New Hampshire’s current minimum wage is based on the federal minimum of $7.25 an hour. The House voted 212 to 155 to pass House Bill 731. The bills passed on the second day of Convening Day will require further action.
Rep. Brian Sullivan, D-Grantham, called it a bipartisan vote. “This is a huge step forward for families and workers in our state,” Sullivan said. On Jan. 1, 21 states saw their minimum wages increase, he said.
“New Hampshire was not one of them thanks to Governor Sununu’s veto,” Sullivan said. “We continue to be the only state in New England that allows our minimum wage to be dictated by the federal government.”
Gov. Chris Sununu vetoed a minimum wage bill last year. Sullivan said: “His veto message and other public statements show that he does not understand how an increased minimum wage would benefit workers and families in our state. House Democrats are not deterred and will continue to do our jobs, passing legislation that will make the lives of our constituents better.”
House Republican Leader Dick Hinch, R-Merrimack, saw it differently calling it “job-killing legislation.”
Hinch said the state has a record number of Granite Staters working, wages are rising with low unemployment.
“Rather than embracing the successful policies of Republican leadership, Democrats seem content to repeatedly try to undermine New Hampshire’s economic progress by mandating a 100 percent wage hike for some,” said Hinch.

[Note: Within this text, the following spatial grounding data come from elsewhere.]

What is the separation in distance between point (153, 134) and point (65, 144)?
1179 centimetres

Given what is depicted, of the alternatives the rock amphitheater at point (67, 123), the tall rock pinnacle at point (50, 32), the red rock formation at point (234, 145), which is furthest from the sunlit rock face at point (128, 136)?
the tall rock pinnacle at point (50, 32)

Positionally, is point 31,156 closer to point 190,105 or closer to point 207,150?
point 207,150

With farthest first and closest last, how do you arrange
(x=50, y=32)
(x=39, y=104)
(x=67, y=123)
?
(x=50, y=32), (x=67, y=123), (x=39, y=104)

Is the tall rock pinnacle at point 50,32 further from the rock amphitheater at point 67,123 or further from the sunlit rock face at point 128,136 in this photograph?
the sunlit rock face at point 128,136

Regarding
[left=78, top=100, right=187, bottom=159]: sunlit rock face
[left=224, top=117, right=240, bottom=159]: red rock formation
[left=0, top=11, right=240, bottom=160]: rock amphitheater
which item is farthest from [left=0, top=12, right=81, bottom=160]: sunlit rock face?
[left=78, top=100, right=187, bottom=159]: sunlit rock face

“New Hampshire employers know best when it comes to compensation of their employees and we should continue allowing them to make those decisions. This bill would harm those entering the workforce looking for entry-level jobs and our family-owned small businesses more than anyone. House Republicans will continue to stand strong against this job-killing legislation.”
The House also voted to pass multiple bills to address the climate crisis in New Hampshire, including SB 122 to invest RGGI funds in energy efficiency and SB 124 to update renewable portfolio standards.
Rep. Bob Backus, D-Manchester, chair of the House Science, Technology and Energy Committee, called it “meaningful change.”
“We are strongly encouraged by efforts to bring the climate issue before town meeting voters this spring through petitioned warrant articles. As the public becomes more engaged in the climate crisis and more informed on the issue of carbon pricing, we are confident that approach will be recognized as the most effective way to reduce carbon pollution,” Backus said.
Democrats passed two bills to crack down on the use of plastics, one relative to point of sale bags, HB 559, by a vote of 206 to 158.
The other one, House Bill 102, passed by a vote of 215 to 151. It would allow municipalities to set their own rules on the use of plastics.
Rep. Hinch, R-Merrimack, criticized the vote on HB 559.
“I’m beginning to think that Democrats are trying to turn New Hampshire into the most highly taxed state in New England. A bag tax? That’s what this is. We are now turning to taxing consumers $.10 to $.50 per single-use plastic or paper bag,” Hinch said.
House Bill 683-FN relative to the rights of property owners abutting certain highways and railtrails was laid on the table by a vote of 210 to 150.
Speaking in favor of the bill, Rep. Suzanne Smith, D-Hebron, chairman of the Committee on Resources, Recreation and Development, said a lot of what was being circulated about the legislation was the bill before the committee worked hard on amending it over the summer.
Rep. Wendy Thomas for the majority of Resources, Recreation and Development, wrote that as amended, the bill would establish procedural requirements prior to authorizing certain roads or parts of roads for off-highway recreational vehicle (OHRV) use.
“OHRV traffic has grown over the years and along with that growth has come significant discrepancies between the OHRV users’ right to participate in a sport and the rights of abutting property owners to live peacefully in their homes,” she wrote. “This bill, as amended, gives abutters a stronger voice in decisions pertaining to opening or closing roads to OHRV use in their municipalities.”
Rep. Michael Gunski for the minority said this bill is premature referring to July 12, 2019, when Gov. Sununu signed a bill to study the economic and other impacts of OHRV use in New Hampshire.